Three years after it skidded off the runway and fell over a cliff, a passenger plane, abandoned to its fate, will finally have a new function: a pide restaurant.

The district municipality of Yomra, in Trabzon province, where the plane was towed to, announced that three businesspeople will invest TL 4 million (about $482,000) to repurpose the plane into a restaurant serving pide, the popular dish of the Black Sea region.

The plane was traveling from the capital Ankara to Trabzon on Jan. 13, 2018, when the pilots lost control during the landing. The plane was buried in mud, just 25 meters (82 feet) away from the sea, on the side of a cliff. None of the 162 passengers or six crew members were injured in the crash.

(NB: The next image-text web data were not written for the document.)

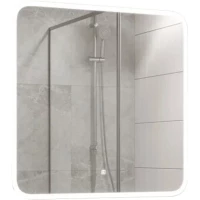 Зеркало Uperwood Foster 291020570 80x80 см, с LED-подсветкой, сенсорным выключателем, диммером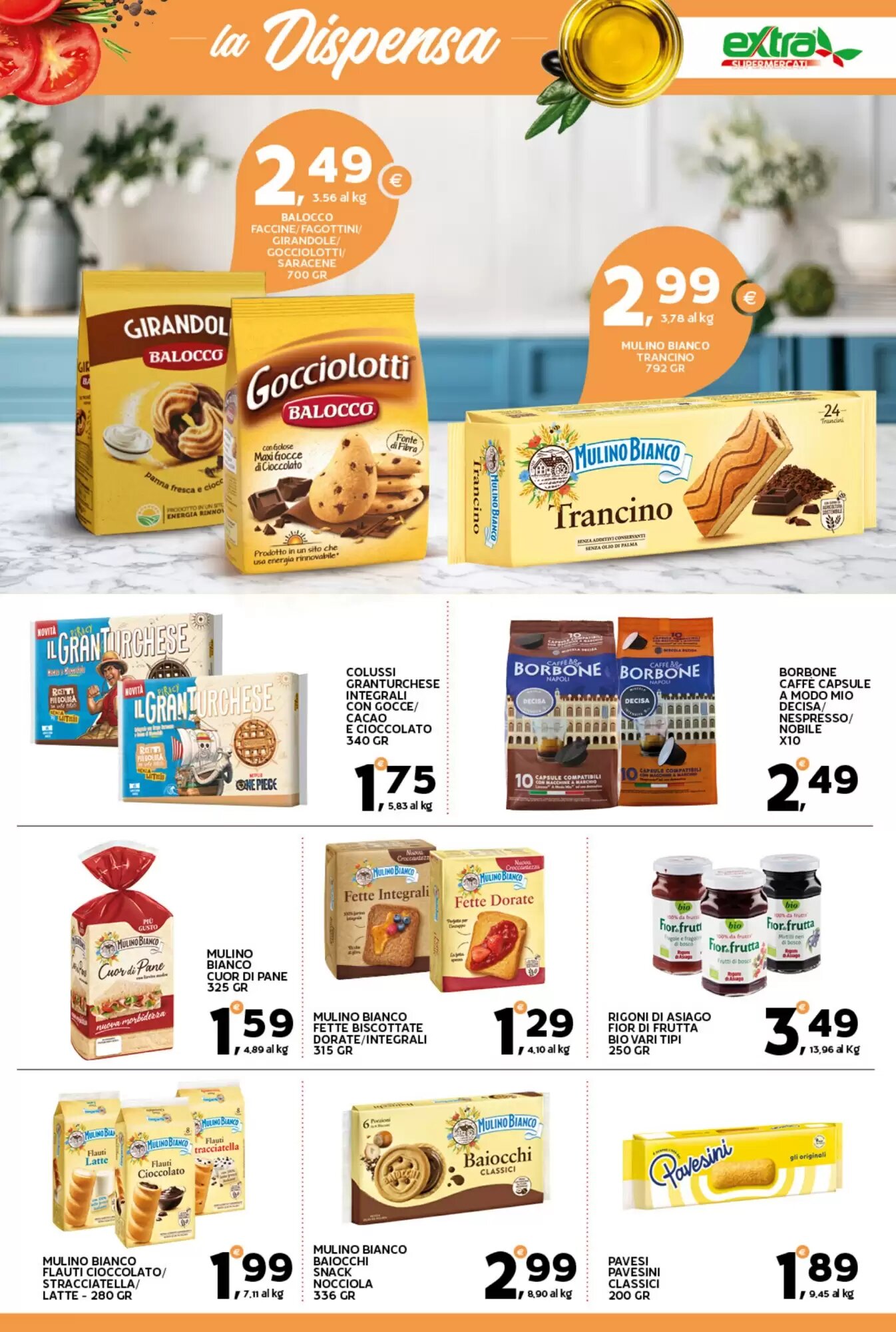Volantino promozionale Extra Supermercati  valide dal 12/05/2026 - Pagina 9.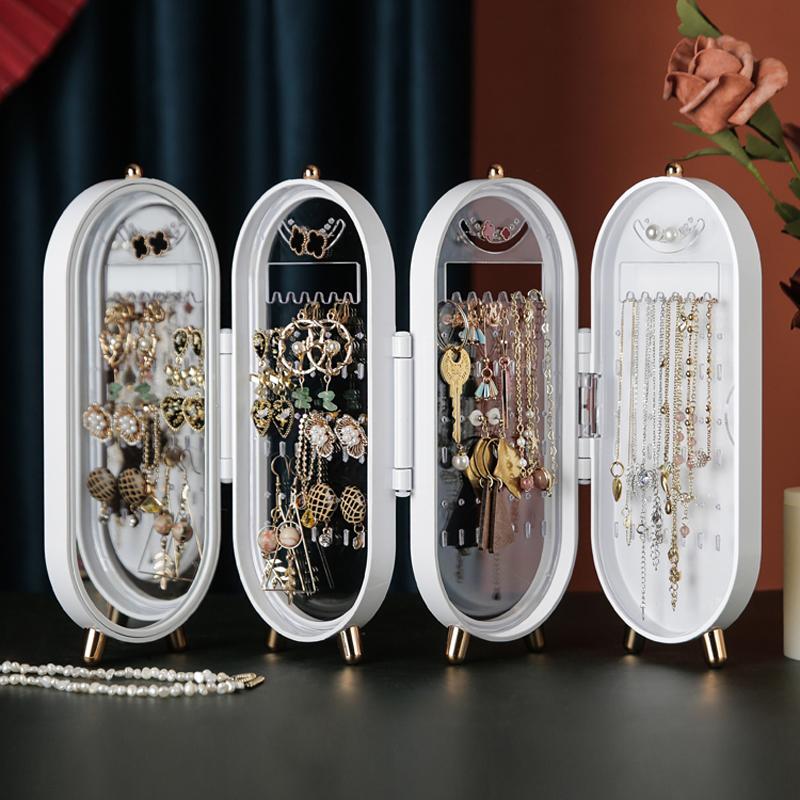 Boîte coffret conteneur présentoir à bijoux présentoir cadeau anniversaire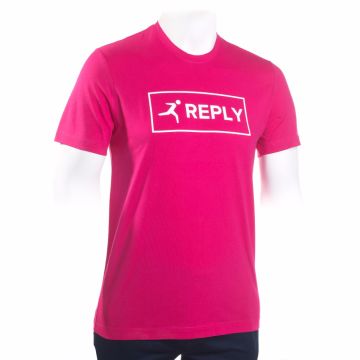 Reply T-Shirt XCH17 - Pink - Man - S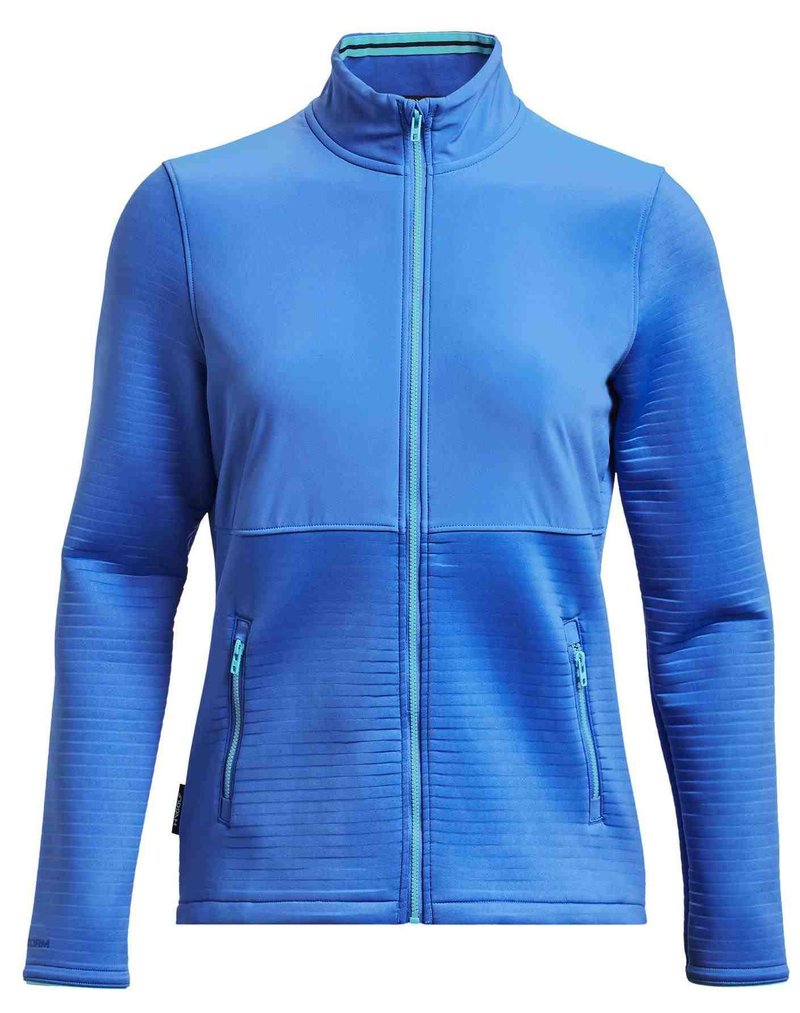 Under Armour Storm Daytona women's sweatshirt, water/neo turquoise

The plane was removed from the crash site and taxied to the airport where it remained for months before the insurance company put it on sale. Yomra Municipality acquired the plane to convert it into a "Millet Kıraathanesi," a coffeehouse-library concept popularized by President Recep Tayyip Erdoğan.

However, the plan never came to fruition and the plane was abandoned at a space used as a marketplace in the district.

Mustafa Bıyık, the new mayor of Yomra, said they decided to hand over the plane to three investors and the plane would be relocated to a coastal strip, like the last place it landed or failed to land. Bıyık told Ihlas News Agency (IHA) on Wednesday that the plane will be at its new location within three months.